# [Source data]
—————

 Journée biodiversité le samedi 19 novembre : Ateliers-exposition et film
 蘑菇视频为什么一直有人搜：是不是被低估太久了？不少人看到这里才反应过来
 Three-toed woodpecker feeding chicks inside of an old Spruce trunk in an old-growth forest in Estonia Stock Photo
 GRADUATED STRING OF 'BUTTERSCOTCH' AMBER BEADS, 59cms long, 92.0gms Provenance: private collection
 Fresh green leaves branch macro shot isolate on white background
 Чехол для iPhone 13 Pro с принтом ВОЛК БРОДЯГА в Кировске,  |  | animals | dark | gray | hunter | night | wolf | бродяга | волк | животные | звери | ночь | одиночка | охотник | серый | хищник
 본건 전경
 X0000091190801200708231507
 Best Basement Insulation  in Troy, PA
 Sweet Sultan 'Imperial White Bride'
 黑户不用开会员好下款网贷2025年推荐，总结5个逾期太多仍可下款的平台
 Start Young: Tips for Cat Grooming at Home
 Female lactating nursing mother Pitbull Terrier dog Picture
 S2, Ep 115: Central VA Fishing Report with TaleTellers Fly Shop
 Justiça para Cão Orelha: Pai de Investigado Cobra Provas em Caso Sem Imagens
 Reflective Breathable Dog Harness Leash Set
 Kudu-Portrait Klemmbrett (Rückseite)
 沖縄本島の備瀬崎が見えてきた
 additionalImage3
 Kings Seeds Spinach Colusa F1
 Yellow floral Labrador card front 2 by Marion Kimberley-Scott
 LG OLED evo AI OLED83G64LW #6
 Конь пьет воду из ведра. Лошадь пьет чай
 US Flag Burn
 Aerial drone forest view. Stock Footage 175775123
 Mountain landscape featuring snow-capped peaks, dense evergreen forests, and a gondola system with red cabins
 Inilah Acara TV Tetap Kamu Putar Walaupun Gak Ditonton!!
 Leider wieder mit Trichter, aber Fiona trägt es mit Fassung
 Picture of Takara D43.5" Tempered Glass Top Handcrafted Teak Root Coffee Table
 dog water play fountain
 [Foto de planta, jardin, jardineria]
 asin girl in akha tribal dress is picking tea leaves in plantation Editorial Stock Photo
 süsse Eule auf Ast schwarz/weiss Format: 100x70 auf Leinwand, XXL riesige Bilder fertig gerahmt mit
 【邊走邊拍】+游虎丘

—————

# [Exercise directions]
Write out the full listing without altering anything.

# [Written response]
 Journée biodiversité le samedi 19 novembre : Ateliers-exposition et film
 蘑菇视频为什么一直有人搜：是不是被低估太久了？不少人看到这里才反应过来
 Three-toed woodpecker feeding chicks inside of an old Spruce trunk in an old-growth forest in Estonia Stock Photo
 GRADUATED STRING OF 'BUTTERSCOTCH' AMBER BEADS, 59cms long, 92.0gms Provenance: private collection
 Fresh green leaves branch macro shot isolate on white background
 Чехол для iPhone 13 Pro с принтом ВОЛК БРОДЯГА в Кировске,  |  | animals | dark | gray | hunter | night | wolf | бродяга | волк | животные | звери | ночь | одиночка | охотник | серый | хищник
 본건 전경
 X0000091190801200708231507
 Best Basement Insulation  in Troy, PA
 Sweet Sultan 'Imperial White Bride'
 黑户不用开会员好下款网贷2025年推荐，总结5个逾期太多仍可下款的平台
 Start Young: Tips for Cat Grooming at Home
 Female lactating nursing mother Pitbull Terrier dog Picture
 S2, Ep 115: Central VA Fishing Report with TaleTellers Fly Shop
 Justiça para Cão Orelha: Pai de Investigado Cobra Provas em Caso Sem Imagens
 Reflective Breathable Dog Harness Leash Set
 Kudu-Portrait Klemmbrett (Rückseite)
 沖縄本島の備瀬崎が見えてきた
 additionalImage3
 Kings Seeds Spinach Colusa F1
 Yellow floral Labrador card front 2 by Marion Kimberley-Scott
 LG OLED evo AI OLED83G64LW #6
 Конь пьет воду из ведра. Лошадь пьет чай
 US Flag Burn
 Aerial drone forest view. Stock Footage 175775123
 Mountain landscape featuring snow-capped peaks, dense evergreen forests, and a gondola system with red cabins
 Inilah Acara TV Tetap Kamu Putar Walaupun Gak Ditonton!!
 Leider wieder mit Trichter, aber Fiona trägt es mit Fassung
 Picture of Takara D43.5" Tempered Glass Top Handcrafted Teak Root Coffee Table
 dog water play fountain
 [Foto de planta, jardin, jardineria]
 asin girl in akha tribal dress is picking tea leaves in plantation Editorial Stock Photo
 süsse Eule auf Ast schwarz/weiss Format: 100x70 auf Leinwand, XXL riesige Bilder fertig gerahmt mit
 【邊走邊拍】+游虎丘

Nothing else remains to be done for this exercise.